When we arrived his temperature was at 103.2, and I was not aware of the concern we were about to experience. Immediately the doctors wanted to perform a spinal tap. (Record scratch) (Brake squeal) Why is this happening!? What did I do? Why can’t we just have the “normal experience” we’ve all been taught about in sex ed? Not two cesareans and three days of labor for only two children, and a needle in my eight-day-old son’s spine?
This was the doctors’ concern, and we learned fast how dire the situation could be. That year alone (2005), one in every ten babies died from the bacterial infection. Our parental bliss was beginning to fade, and we were scared. I had never heard my son scream like he did when they did the spinal tap. It was heartbreaking. My motherly instinct was to get these horrible people off of my baby. They were hurting him.
I knew they were trying to help him, but I’ve never heard help that sounded that painful.
He was admitted to the hospital for eight days. It was pure hell. My husband had to practically force me to leave the hospital to take a break. Jacob’s test results came back saying he was negative for meningitis. He maintained a temperature that did not go below 101, despite the alternation of Motrin and Tylenol. We watched as Jacob was put through countless tests. Electrodes were on his head, monitoring brain activity. Sixteen hours of fasting. Several moments of useless poking and prodding.
They seemed to have forgotten this was someone’s child and not just another exam to get a crappy job in the middle American town we lived in. When you see your child being put through so much, a lump hardens in your throat and refuses to go away.
He began to develop a rash. Not so much a rash, but what appeared to be bruising all over his body. He was turning purple and blue. That anomaly just intensified the poking and prodding. Then, to make things worse, one evening a nurse thought he had a seizure. I did not see it. Trust me; I was watching him the entire time. She had no medical evidence, and I was wary that she might try to push it in another direction for scholastic gain or nurse brownie points.
She was “sure” even thought the nodes and wires they had him hooked up to didn’t indicate it was true at all. This prompted the doctors to administer Phenobarbital to help prevent any more seizures. After researching this drug for just a few minutes, we instructed the doctors that unless they had proof or any actual data to go off of, our son would not receive this last resort drug or be their little human guinea pig any longer.

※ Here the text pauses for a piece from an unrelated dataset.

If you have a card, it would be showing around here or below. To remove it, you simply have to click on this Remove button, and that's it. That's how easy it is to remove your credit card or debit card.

Strangely, after we took matters into our own hands, my purple and blue baby returned to his normal color, and his fever dropped to 99. Funny how that works.
They considered releasing him but told us to wait until morning to see if there was any drastic turn for the worse. We stayed for one more night and the next day we were finally able to take our Jacob home.

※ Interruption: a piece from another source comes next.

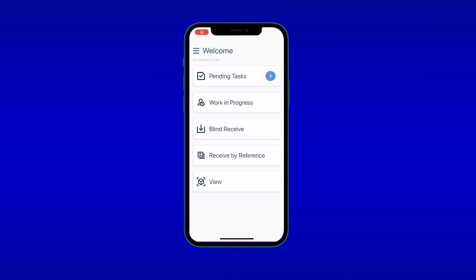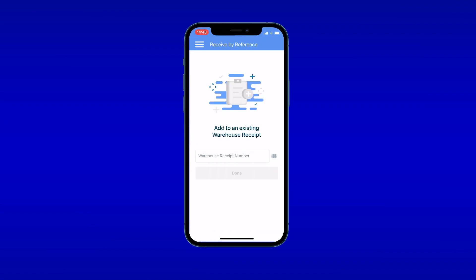Then you can receive it with the app. In the app home screen, you can receive items if you have a warehouse receipt or not. If a warehouse receipt transaction does not exist, tap Blind Receive. If a warehouse receipt transaction already exists in your Magaya system, tap Receive by Reference to add these items to it. In either case, the next screen is for adding information, or you can skip it.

What Motherhood Teaches You
I know now, as the mother of three, that nothing is cut and dry. There is no gold standard to childbirth. Nothing can be expected to go as planned. If you count on expectation, it will surely let you down.
It will, however, teach you more than you knew before you assumed you just knew you “knew it all.” The moral of this birth is: expect the unexpected. Despite believing you’ve experienced the worst version of childbirth, besides death.
Know that anything can and will happen. It just might not be as grim as the “moment” makes it out to be. Knowing Jacob now, I’m more worried when he’s alone in his room, alone outside, alone in the ocean, or just right in front of me flipping his body upside down.
Eleven years later, I’ll never forget the feeling of just plain out worrying because he came out of that painful paper towel-shaped scar just below my belly button that I’ll never be rid of.
Even with the pain, why would I ever want to forget that?